I've suffered through enough "not having a map" in FFXI to last me a lifetime. Give me a map or give me level design doesn't that doesn't call for one to begin with. No other options are acceptable at this point. Maybe that's why I bounced off it.
I mean, its solid enough design that the lack of map isn't impossible or even ridiculous. Part of making it technically optional and the compass an equip (instead of default) was making that possible. But its still a Metroidvania which requires returning to old areas and the like.
The real problem is if you take a break from it and don't retain your internal map, then its a real problem that you basically are better off reseting if its not too deep in. Which is why if you don't get gripped and power through a few zones then its just lost.
It felt generic, gameplay-wise. I feel that way about most 2D games.
can confirm, it's good. It also filters low IQs who can't into 45° angles.

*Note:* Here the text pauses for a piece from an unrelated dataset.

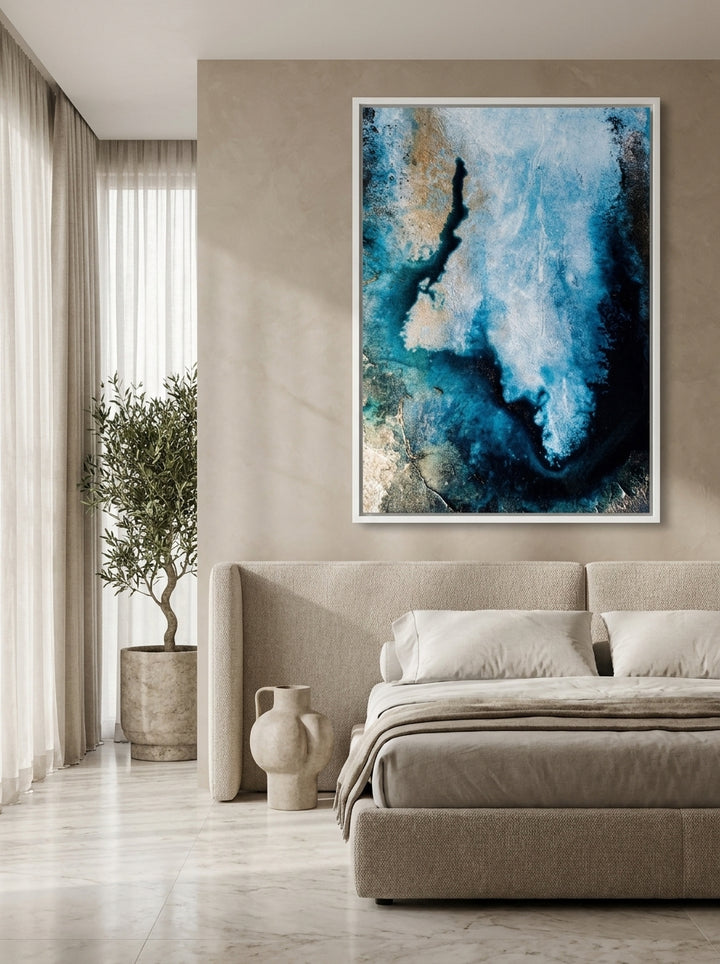 Oversized statement canvas wall art with a white surround styled on the wall in a luxe bedroom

Literally everyone I know is going around telling people "buy the key to get to the weapon with the old downslash as soon as you start the game" to get out of the angle problem.
These people are weak and they will not survive the Hunter's March.
I'm into Act 2, did all of the optional stuff in Act 1 that I could find, my observations so far:
If you liked the original style and atmosphere, you'll like this one too. Though I preferred the dead bug motif of the original to the "bells everywhere" motif in this one.
People who don't like difficult boss fights will not like this game. People who don't like long corpse marches to re-attempt difficult boss fights will not like this game. I would put several required bosses at at least Soul Master or Lost Kin, or even Hollow Knight difficulty, ignoring optional ones which are well into the difficulty of the dream bosses from the first.
So far power-ups (mask shards, thread spools, pin upgrades) are extremely limited, so there's really no "go find everything and come back when you're stronger to beat the boss."
Far more female characters. I never liked the Hornet character from Hollow Knight. Maybe I'm too sensitive, but she always came across as a girlboss to me. And she still is in this one; fortunately there's not much dialogue to suffer through, but still enough to be eyeroll-inducing on occasion. There's a balance between "bugs aren't human" and "they're anthropomorphic bugs that are human stand-ins" to make the number of female bug NPCs in human male jobs kind of jarring. Team Cherry is clearly very gender egalitarian and Pharloom's engaging in a lot of DEI hiring.
The map is very large. Act 1 is close to the size of the original map and Act 2 appears to roughly double the size again, though I'm not done with it yet.
At first, I was happy because it looked like perhaps the rosary currency was tied to exploration and there would be no grinding for it. That is not the case, and you need it for everything. Save point? Yup. Travel point? Yup. Opening/enabling random stuff in the world? Yup. Far more than the original game. I haven't run into problems with not having fund to open stuff as I explore, but it never leaves me with anything to spend on the expensive stuff from vendors. I think grinding for money in a Metroidvania is stupid kills the pace.
I don't like the quest/wish boards. I want to complete them just to see what happens when you've done everything, but most of the rewards are very underwhelming. Most of them require you to revisit areas that you've already finished to pick up X of thing Y from an enemy you've already killed dozens of times, or to find NPC Z. (for that matter, some of the kill totals to complete your bestiary are ridiculous. I didn't like this about the first game either.)
TL;DR: I'd give it a solid 8/10. If you liked the first, especially if you liked the technical boss fights, you'll probably like this.